We cannot rely on business to regulate itself. It’s only when their behaviour becomes unprofitable through legislation – and the imposition and enforcement of taxes that directly impacts their bottom line – that there will be change at the scale and speed required. If the pandemic has taught us one thing, it’s that we can change quickly when our lives depend on it. Governments swiftly brought in legislation that affected both businesses and individuals directly. It wasn’t left to individual choice or suggestions⁴. Business and business leaders should not be more powerful than our elected representatives.
It’s a reality that we all grapple with – agencies and businesses alike. Being driven by profit and growth inevitably compromises our ability to make decisions that really benefit society and the environment. Through that lens, our very existence could be questionable. Even if we are aware and want to make the right decision, it’s difficult to say no to a less-than-ideal proposal when there are wages to be paid. And yes, I’m no stranger to this – it’s something we battle with every day.
Yet agencies have an incredibly important role to play in holding business accountable. We can ‘follow the money’ first, see where the profits are coming from, then make informed decisions on who we choose to work with. Though even then, the collective delusion rears its head once more. We want to believe what a business tells us, because we want to do meaningful work. We want our due diligence of potential clients to confirm our hopes, giving us confidence that our work for them will not overstate or overclaim. And that bias is dangerous, tempting us into stroking both our clients’ and our own egos by creating purpose statements, marketing campaigns and brands that are really only skin-deep.
So perhaps we need a new word in the branding lexicon: humility. It’s a word that often appears in organisations’ values to suggest a commitment to open-minded learning. But it’s about so much more than that. It’s about honesty, being transparent and accountable for the business’s contribution to a problem. It’s about selflessness, actively putting the lives of others ahead of individual and corporate gain. It’s the opposite of competition. I came across a great description of humility in a talk by the inspirational speaker Caroline McHugh – so I will leave you with that. They referenced the then UK Sport Chair Baroness Campbell who said: “Humility is not thinking less of yourself, it’s thinking about yourself less”.
Frances Jackson
Founder OPX
1. CEOs now get paid 320 times as much as a typical worker in the same industry, rising 1,176% since 1978, compared to a rise of 13.7% for your average worker in the same period.
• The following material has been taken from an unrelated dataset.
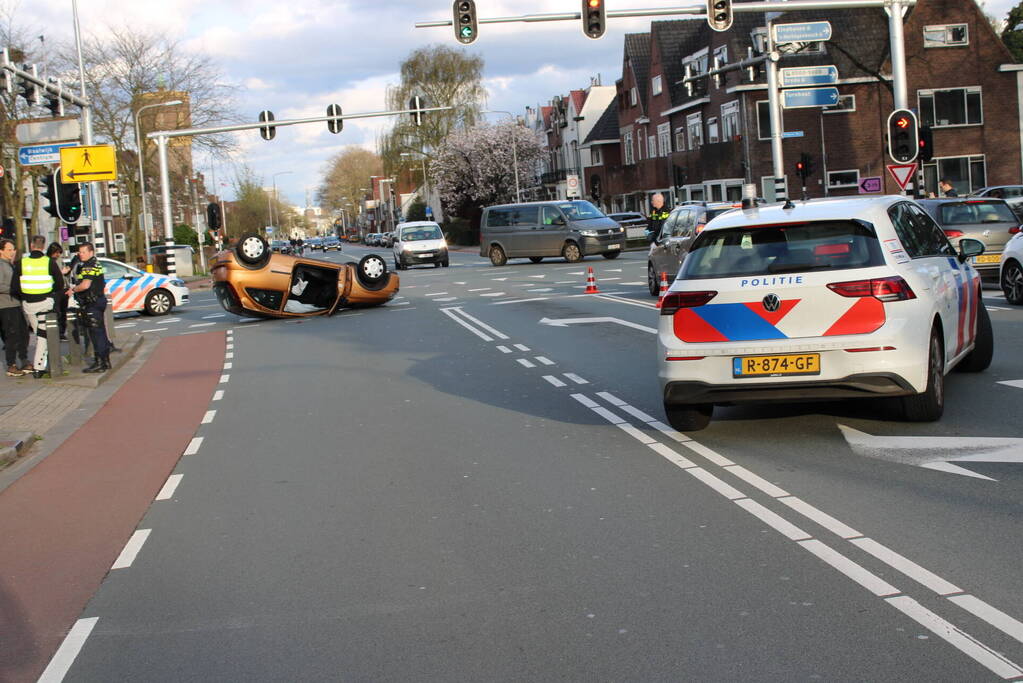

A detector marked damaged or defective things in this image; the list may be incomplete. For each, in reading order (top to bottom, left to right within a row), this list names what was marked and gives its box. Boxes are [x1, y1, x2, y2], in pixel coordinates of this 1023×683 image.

overturned brown car [211, 233, 398, 319]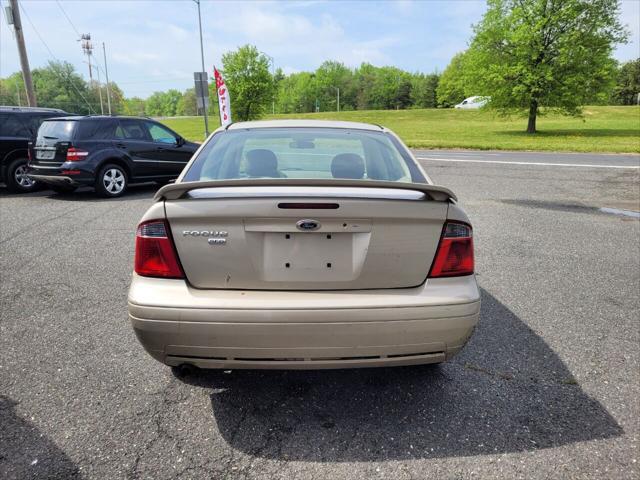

2. The six largest energy firms in the UK amassed £1bn in profits last year and £7bn over the last 5 years.
3. The largest investment manager, with $10 trillion assets under management, recorded only $200 billion, a measly 2%, of what were loosely labelled ‘sustainable’ investments.
4. Until the spring of 2022 in the UK, when we suddenly went back to a ‘do-what-you-think-is-best’ policy because Boris Johnson decided the crisis had vanished overnight.